On November 24, 2017, the Ministry of Human Resources and Social Security released the Notice on the Fifth Batch of Declarations of Invalidation and Abolition of Documents (Ren She Bu Fa  No.87). According to the unified deployment of the State Council's document clean-up work, the Ministry of Human Resources and Social Security cleared the regulatory documents related to the reform of the "relief, regulate and service"; some of these documents shall be invalid or annulled due to the fact thate the objective no longer exists, tasks have been completed, the application period has expired, they have been replaced by other regulations, the original legal basis for the documents has been abolished, and etc.; the notice announced the invalidation of 26 documents and the abolition of 76 documents.
The famous Economic Compensation Measures for Breach and Termination of Contracts Procedures (Lao Bu Fa  No. 481, hereinafter referred to as No. 481) is also included in the list of 76 repealed documents in this batch. The reason given by Ministry of Human Resources and Social Security is that it has been "replaced by new regulations". It's not hard to understand that, as a companion document to the Labor Law, No. 481was formally implemented on January 1, 1995, with Labor Law; during its implementation of more than 20 years until the end of 2017 when No. 481 was repealed, many laws and regulations in the field of labor law have come into force, among which the most important one shall be Labor Contract Law implemented on January 1, 2008 - most of the regulations concerning economic compensation in No. 481 have been replaced in practice by the new provisions of the Labor Contract Law. It is no wonder that some lawyers said that "No. 481 should have been repealed long ago."
However, not the entire content of No. 481 has its alternative provision in Labor Contract Law. The most typical is the payment of a medical subsidy. Under what circumstances do employers need to pay for a medical subsidy? What is the standard payment for a medical subsidy? How will the abolition of No.481 affect the payment of medical subsidy?
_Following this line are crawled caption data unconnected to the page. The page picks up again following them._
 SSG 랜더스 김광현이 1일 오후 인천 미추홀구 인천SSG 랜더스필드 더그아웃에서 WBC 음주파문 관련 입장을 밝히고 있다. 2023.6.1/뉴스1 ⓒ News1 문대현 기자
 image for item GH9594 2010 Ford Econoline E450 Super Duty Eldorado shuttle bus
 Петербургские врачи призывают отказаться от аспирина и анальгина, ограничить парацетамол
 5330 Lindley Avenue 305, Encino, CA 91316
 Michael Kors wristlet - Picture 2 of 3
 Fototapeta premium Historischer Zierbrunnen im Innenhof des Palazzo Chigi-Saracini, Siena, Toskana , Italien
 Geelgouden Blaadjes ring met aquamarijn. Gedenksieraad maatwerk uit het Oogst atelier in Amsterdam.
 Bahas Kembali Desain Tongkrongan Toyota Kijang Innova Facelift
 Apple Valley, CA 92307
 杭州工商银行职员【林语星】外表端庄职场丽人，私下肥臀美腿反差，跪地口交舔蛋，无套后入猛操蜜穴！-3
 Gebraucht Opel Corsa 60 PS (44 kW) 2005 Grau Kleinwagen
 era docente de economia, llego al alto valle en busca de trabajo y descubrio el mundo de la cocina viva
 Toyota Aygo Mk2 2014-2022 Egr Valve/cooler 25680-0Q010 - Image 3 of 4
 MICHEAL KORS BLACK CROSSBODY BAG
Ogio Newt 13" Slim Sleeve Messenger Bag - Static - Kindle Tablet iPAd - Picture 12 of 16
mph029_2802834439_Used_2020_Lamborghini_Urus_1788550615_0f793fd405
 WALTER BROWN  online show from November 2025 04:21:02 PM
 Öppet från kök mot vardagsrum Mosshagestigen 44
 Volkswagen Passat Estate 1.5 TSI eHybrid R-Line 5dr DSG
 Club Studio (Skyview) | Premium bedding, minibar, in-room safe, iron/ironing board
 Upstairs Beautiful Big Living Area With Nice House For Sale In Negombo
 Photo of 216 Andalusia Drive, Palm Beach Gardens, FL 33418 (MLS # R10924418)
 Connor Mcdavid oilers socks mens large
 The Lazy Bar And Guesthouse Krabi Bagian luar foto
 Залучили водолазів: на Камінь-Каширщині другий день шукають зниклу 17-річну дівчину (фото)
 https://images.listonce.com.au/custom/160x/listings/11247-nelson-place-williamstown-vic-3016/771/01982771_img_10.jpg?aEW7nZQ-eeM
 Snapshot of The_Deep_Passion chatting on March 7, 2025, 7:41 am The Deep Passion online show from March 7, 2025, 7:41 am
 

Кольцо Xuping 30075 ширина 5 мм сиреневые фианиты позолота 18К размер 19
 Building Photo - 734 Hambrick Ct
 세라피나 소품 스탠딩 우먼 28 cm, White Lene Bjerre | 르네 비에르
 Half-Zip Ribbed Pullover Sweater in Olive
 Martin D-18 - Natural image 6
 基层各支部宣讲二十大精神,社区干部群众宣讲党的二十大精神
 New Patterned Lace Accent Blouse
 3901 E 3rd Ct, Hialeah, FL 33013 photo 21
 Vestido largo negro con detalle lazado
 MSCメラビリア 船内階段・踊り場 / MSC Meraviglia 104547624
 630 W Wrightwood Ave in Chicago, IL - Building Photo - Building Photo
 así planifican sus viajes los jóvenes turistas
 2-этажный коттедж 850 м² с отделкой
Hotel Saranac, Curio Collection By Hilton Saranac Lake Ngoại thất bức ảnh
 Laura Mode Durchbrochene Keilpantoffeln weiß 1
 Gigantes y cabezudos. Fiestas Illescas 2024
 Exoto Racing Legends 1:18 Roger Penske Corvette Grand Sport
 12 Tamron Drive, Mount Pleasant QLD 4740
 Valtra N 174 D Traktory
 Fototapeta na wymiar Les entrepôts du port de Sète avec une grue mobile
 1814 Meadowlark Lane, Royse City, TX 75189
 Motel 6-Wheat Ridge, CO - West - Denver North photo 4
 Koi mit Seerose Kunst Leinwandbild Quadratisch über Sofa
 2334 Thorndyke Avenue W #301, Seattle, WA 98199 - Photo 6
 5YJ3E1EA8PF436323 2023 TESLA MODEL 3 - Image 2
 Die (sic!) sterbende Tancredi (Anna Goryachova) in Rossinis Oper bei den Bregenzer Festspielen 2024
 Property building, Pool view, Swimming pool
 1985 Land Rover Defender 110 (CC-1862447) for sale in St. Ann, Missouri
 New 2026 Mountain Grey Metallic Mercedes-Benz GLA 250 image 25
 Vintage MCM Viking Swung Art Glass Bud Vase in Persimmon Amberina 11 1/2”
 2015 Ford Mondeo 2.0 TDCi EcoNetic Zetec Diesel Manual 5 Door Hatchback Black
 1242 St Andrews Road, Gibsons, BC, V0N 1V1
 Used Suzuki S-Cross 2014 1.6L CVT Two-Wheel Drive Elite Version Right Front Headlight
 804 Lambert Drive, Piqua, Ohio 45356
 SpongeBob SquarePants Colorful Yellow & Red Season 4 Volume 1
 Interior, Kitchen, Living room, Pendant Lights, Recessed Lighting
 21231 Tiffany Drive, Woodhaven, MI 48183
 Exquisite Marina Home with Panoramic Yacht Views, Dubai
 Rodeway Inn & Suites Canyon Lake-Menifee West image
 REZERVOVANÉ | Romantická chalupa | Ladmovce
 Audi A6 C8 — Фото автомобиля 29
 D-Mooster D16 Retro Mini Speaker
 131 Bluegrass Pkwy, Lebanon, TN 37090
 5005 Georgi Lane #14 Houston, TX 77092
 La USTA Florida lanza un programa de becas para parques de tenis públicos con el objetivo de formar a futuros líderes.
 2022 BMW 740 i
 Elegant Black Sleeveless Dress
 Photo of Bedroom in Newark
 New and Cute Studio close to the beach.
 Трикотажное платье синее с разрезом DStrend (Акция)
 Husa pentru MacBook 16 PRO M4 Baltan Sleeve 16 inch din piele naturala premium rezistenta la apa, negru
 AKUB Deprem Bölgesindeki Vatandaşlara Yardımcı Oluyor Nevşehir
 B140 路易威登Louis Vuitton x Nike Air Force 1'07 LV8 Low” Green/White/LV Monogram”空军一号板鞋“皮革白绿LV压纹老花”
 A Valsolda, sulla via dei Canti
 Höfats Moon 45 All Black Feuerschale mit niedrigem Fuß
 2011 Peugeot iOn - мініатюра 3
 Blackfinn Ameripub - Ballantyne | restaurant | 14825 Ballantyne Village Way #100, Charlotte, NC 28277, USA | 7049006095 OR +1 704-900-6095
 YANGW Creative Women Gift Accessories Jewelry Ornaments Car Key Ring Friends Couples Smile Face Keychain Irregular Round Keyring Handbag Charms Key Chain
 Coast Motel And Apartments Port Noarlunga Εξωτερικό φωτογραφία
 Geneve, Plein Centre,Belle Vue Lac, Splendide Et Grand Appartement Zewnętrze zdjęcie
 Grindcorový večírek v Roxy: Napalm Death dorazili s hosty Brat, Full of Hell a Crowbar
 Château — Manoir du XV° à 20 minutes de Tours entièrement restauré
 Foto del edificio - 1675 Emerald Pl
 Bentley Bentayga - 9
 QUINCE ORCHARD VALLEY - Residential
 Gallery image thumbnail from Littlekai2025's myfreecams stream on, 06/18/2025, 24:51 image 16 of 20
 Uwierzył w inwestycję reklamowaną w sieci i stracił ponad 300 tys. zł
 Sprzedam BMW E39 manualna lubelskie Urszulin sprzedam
I.Conditions of Medical Subsidy Payment
The term medical subsidy in the field of labor law originally came from No. 481. Its Article 6 stipulates: "When a laborer falls ill or is injured off duty and the Labor Inspection Committee confirms that he/she is unable to perform his/her original work or other work arranged by the employing work unit, and the labor contract is rescinded, the employing work unit shall pay economic compensation equal to one month's wages for every full year of work, according to term of employment at such work unit, and at the same time shall pay a minimum medical subsidy of 6 months' wages. When a laborer becomes seriously or terminally ill, an additional medical subsidy shall be paid." Clearly, at the beginning of the establishment of the medical subsidy, it was an economic subsidy that was paid by the employment unit when the laborer was discharged due to the expiry of the medical treatment period. Obviously, in accordance with the provisions of No.481 at that time, the employer should pay the laborer medical subsidy when the medical period expired and labor contract rescinded.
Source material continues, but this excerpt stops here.